### [TASK PROMPT]
Each record should be output exactly, with every character kept.

Stored items:
────────────────

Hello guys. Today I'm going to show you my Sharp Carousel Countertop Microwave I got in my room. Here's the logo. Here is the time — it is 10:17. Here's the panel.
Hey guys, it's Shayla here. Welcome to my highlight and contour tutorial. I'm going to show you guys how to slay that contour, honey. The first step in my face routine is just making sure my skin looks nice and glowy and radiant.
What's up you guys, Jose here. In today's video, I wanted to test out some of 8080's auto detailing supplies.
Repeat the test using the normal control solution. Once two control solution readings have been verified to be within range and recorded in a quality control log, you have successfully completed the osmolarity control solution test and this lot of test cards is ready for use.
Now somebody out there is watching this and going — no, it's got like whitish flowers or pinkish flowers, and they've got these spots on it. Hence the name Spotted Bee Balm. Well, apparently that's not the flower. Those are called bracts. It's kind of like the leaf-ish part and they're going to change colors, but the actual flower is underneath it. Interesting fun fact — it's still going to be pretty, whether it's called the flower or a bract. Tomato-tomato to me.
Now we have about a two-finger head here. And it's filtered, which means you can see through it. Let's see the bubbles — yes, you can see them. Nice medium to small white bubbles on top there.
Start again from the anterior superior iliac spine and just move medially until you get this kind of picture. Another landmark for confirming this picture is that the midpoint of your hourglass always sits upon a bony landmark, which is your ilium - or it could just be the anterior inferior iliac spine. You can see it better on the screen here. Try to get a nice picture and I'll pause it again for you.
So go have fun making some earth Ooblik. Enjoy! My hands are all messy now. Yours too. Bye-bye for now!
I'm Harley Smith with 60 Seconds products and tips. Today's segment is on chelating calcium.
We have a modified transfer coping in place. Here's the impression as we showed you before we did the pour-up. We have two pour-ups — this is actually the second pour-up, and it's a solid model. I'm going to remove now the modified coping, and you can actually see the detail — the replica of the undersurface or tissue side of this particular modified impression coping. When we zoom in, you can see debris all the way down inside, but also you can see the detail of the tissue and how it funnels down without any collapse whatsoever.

────────────────

### [RESPONSE TO THE TASK]
Hello guys. Today I'm going to show you my Sharp Carousel Countertop Microwave I got in my room. Here's the logo. Here is the time — it is 10:17. Here's the panel.
Hey guys, it's Shayla here. Welcome to my highlight and contour tutorial. I'm going to show you guys how to slay that contour, honey. The first step in my face routine is just making sure my skin looks nice and glowy and radiant.
What's up you guys, Jose here. In today's video, I wanted to test out some of 8080's auto detailing supplies.
Repeat the test using the normal control solution. Once two control solution readings have been verified to be within range and recorded in a quality control log, you have successfully completed the osmolarity control solution test and this lot of test cards is ready for use.
Now somebody out there is watching this and going — no, it's got like whitish flowers or pinkish flowers, and they've got these spots on it. Hence the name Spotted Bee Balm. Well, apparently that's not the flower. Those are called bracts. It's kind of like the leaf-ish part and they're going to change colors, but the actual flower is underneath it. Interesting fun fact — it's still going to be pretty, whether it's called the flower or a bract. Tomato-tomato to me.
Now we have about a two-finger head here. And it's filtered, which means you can see through it. Let's see the bubbles — yes, you can see them. Nice medium to small white bubbles on top there.
Start again from the anterior superior iliac spine and just move medially until you get this kind of picture. Another landmark for confirming this picture is that the midpoint of your hourglass always sits upon a bony landmark, which is your ilium - or it could just be the anterior inferior iliac spine. You can see it better on the screen here. Try to get a nice picture and I'll pause it again for you.
So go have fun making some earth Ooblik. Enjoy! My hands are all messy now. Yours too. Bye-bye for now!
I'm Harley Smith with 60 Seconds products and tips. Today's segment is on chelating calcium.
We have a modified transfer coping in place. Here's the impression as we showed you before we did the pour-up. We have two pour-ups — this is actually the second pour-up, and it's a solid model. I'm going to remove now the modified coping, and you can actually see the detail — the replica of the undersurface or tissue side of this particular modified impression coping. When we zoom in, you can see debris all the way down inside, but also you can see the detail of the tissue and how it funnels down without any collapse whatsoever.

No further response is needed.